A VUI helps users perform tasks such as:
- Performing a web search
- Playing music
- Setting alarms, timers and reminders
- Getting real-time weather and traffic updates
Designing VUI interfaces
The first era of VUIs, according to the book Designing Voice User Interfaces, was dominated by the interactive voice response (IVR) systems developed in the 1980s. These systems were capable of understanding voice inputs over the telephone and executing a given task. By early the 2000s, IVRs started to become commonplace in service industries, such as insurance, banking, aviation, freight and transportation. IVRs would essentially process inbound calls, field customer questions through recorded messages after extracting information from databases, and direct calls to in-house agents. IVRs were initially developed to initiate automated tasks without customers needing to speak to a live person, but today they typically provide the first response before the customer gets to speak to a live agent.
The current state of the art is referred to as the second era of VUIs, wherein they make human-computer interaction possible through natural language processing , automatic speech recognition (ASR) and artificial intelligence (AI) technology. Mobile applications like Siri, Google Now, and Cortana, that combine both visual and voice information in what's known as a multimodal interface, and devices like Amazon Echo and Google Home that are voice-only (sometimes called an auditory interface) are all examples of this second era of VUI.
What makes VUI design complex compared to that of a graphic user interface (GUI) is that it does not have a screen to display information, options or commands, and users have no leeway to access information over time.

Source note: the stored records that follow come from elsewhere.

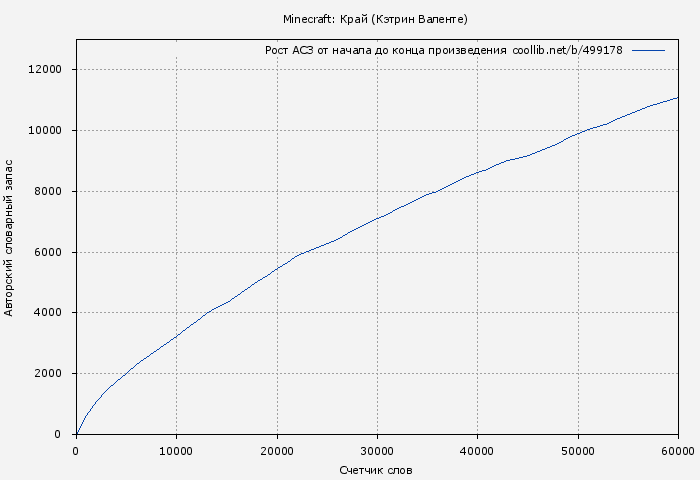 Рост АСЗ книги № 499178: Minecraft: Край (Кэтрин Валенте)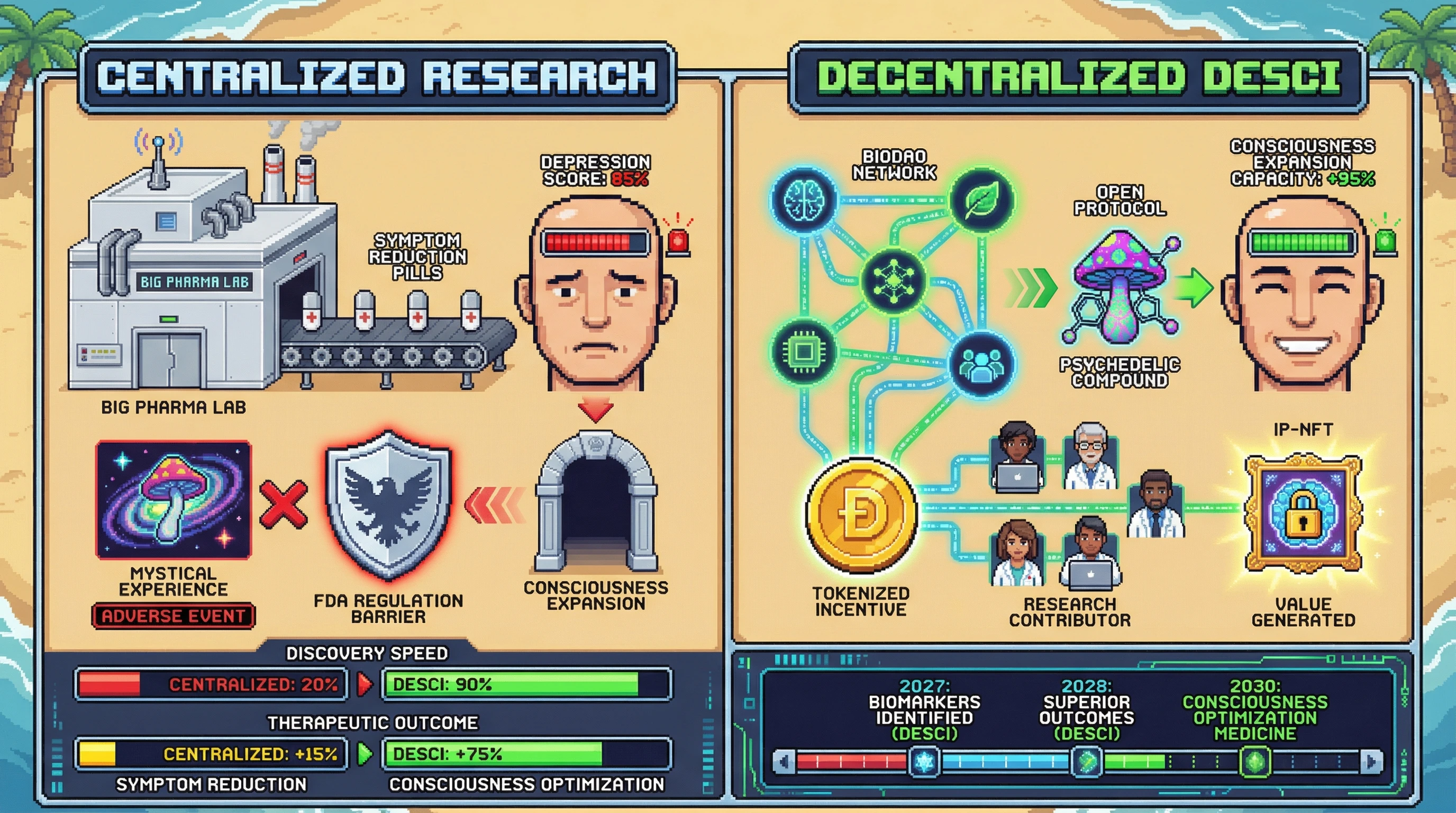 Infographic for: The DeSci Consciousness Revolution: Why Psychedelic Research Needs Decentralized Discovery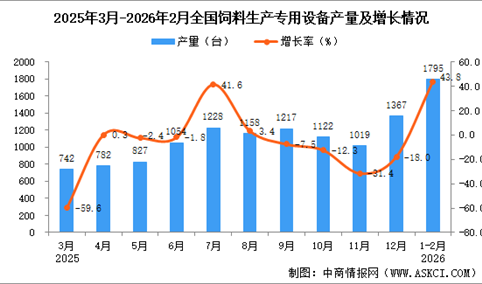 2026年1-2月全国饲料生产专用设备产量数据统计分析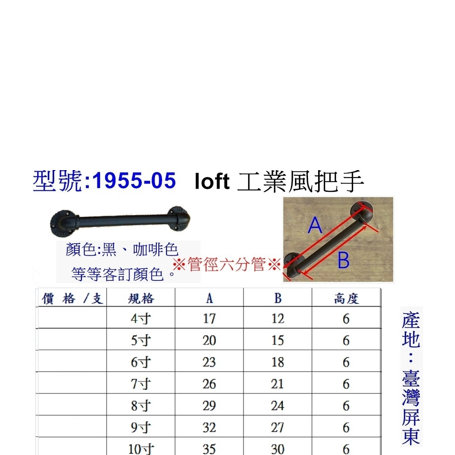 LoFt工業風把手 (六分小管徑)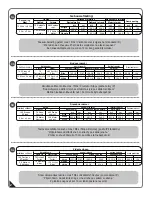 Preview for 3 page of USP 30216-1 Owner'S Manual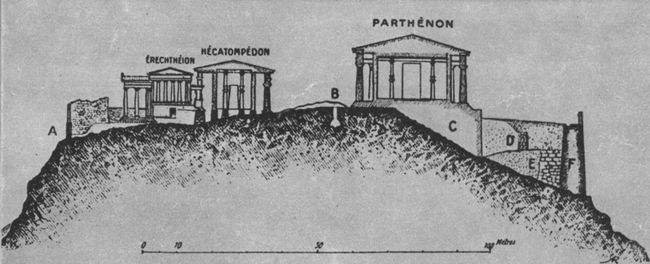 Вид на фундаменты Парфенона во время раскопок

The transient nature of auditory interfaces therefore necessitates that the VUI clearly state possible interaction options and give just the necessary information without overloading users. It also requires coaching users about the voice commands they can use and the type of interactions they can perform.
What makes the second era of VUIs important is that the technology attempts to go beyond the typical one-turn conversation often associated with IVRs (a turn being one interaction between user and the system) and "learn" from users' inputs and predict their future needs. VUI designers have yet to design a system that simulates a human conversation entirely, but rapid development in AI and machine learning is helping maximize user experience and making VUIs "smarter."
Given the complexity, designing an effective VUI requires knowledge of a combination of fields, including computer science, human psychology, and linguistics, as well as careful study of human cognitive abilities, conversational language and speech technology.
VUIs for business
It is important to note that the benefits of VUI are not limited to simplifying users' home life and that it holds promise for business use. For example: Amazon's Alexa for Business can assist workers in performing tasks such as joining conference calls, booking conference rooms, finding important information and training employees. When powered by IoT and cloud technology, VUIs can be effectively integrated with third-party systems in smart homes and offices and serve a number of industries, from health care and manufacturing to retail.